A few weeks ago, before they returned, the Sleacht Néill defender McKaigue said: “I have been in contact with the county through the physio. Everyone will have been doing their gym programmes and doing their own

“We have to make the most of the four weeks that we have together collectively before the league starts.

“It is about getting your physical preparation right and hopefully you can make the most of those four weeks to try and get everything tied together.”

McKaigue works as a physiotherapist and he said that the preparation time is not perfect. He said that injuries could play a big part in how teams perform this year.

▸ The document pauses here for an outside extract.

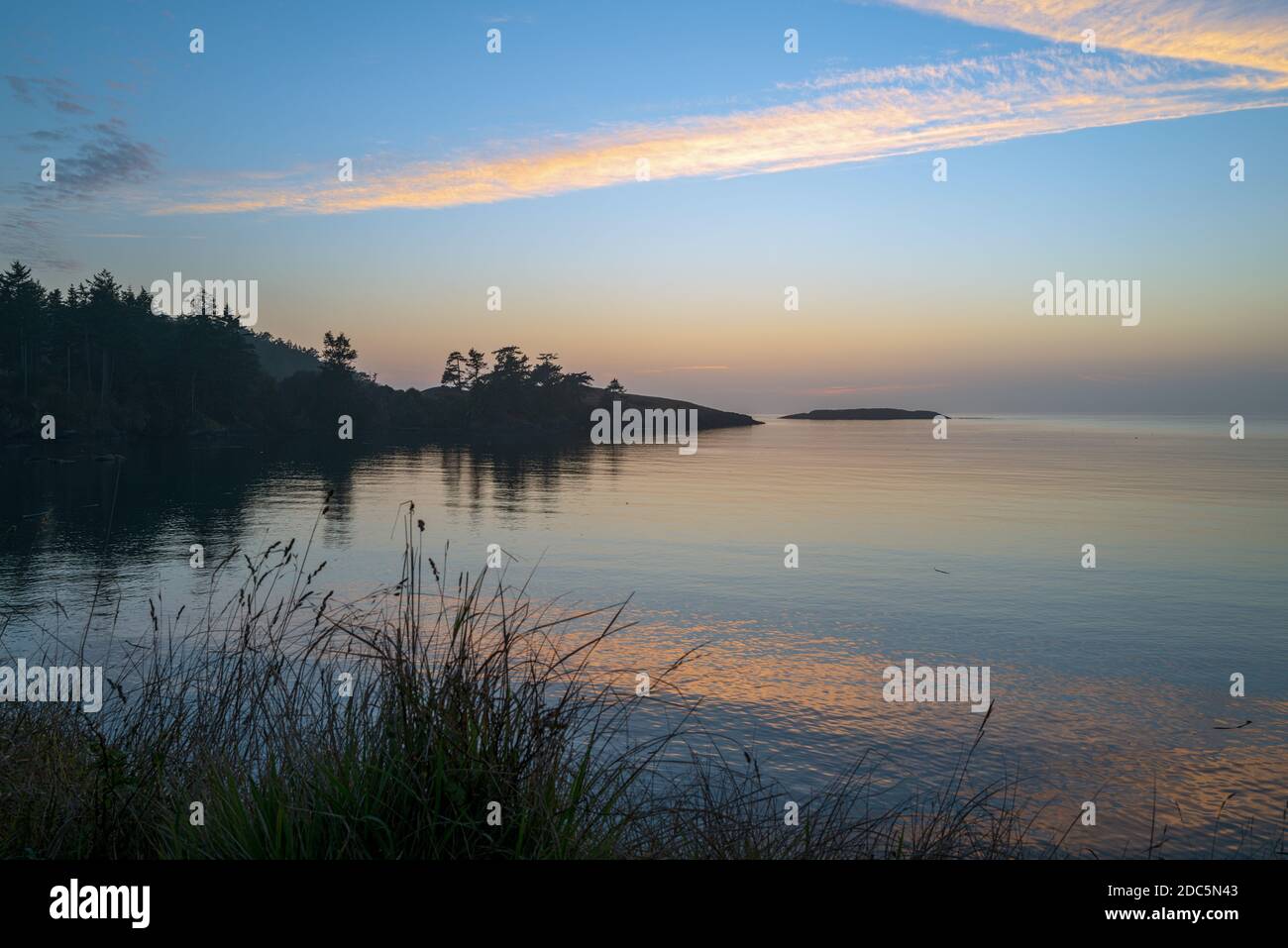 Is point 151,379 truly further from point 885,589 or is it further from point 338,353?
point 885,589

“If you are coming into a new season and it is going to be game after game then you can’t come in cold. You have to be prepared, if not you will get what you saw last year, a cascade of injuries because boys have not had enough time to prepare for an intense season.

“Lessons will have been learned from that. There will be a gradual introduction into training.”

McKaigue is hoping that he can win back his place in the team having not played for much of last year. As he is one of the longer serving members it is expected that he should get his shot.

However, he did say that the game has changed a lot since he started playing, and the expectations of defenders are a lot different than they used to be.

“I started playing senior football in 2010 and the game has changed since then. It was a man-to-man game back then.

“Stemming from Jim McGuinness’s time, it has got a lot more different with sweepers and tactics. Men dropping off. That individualistic approach to defending has changed somewhat. But the game is played a lot smarter, and that brings new challenges for defenders so it is hard to compare.”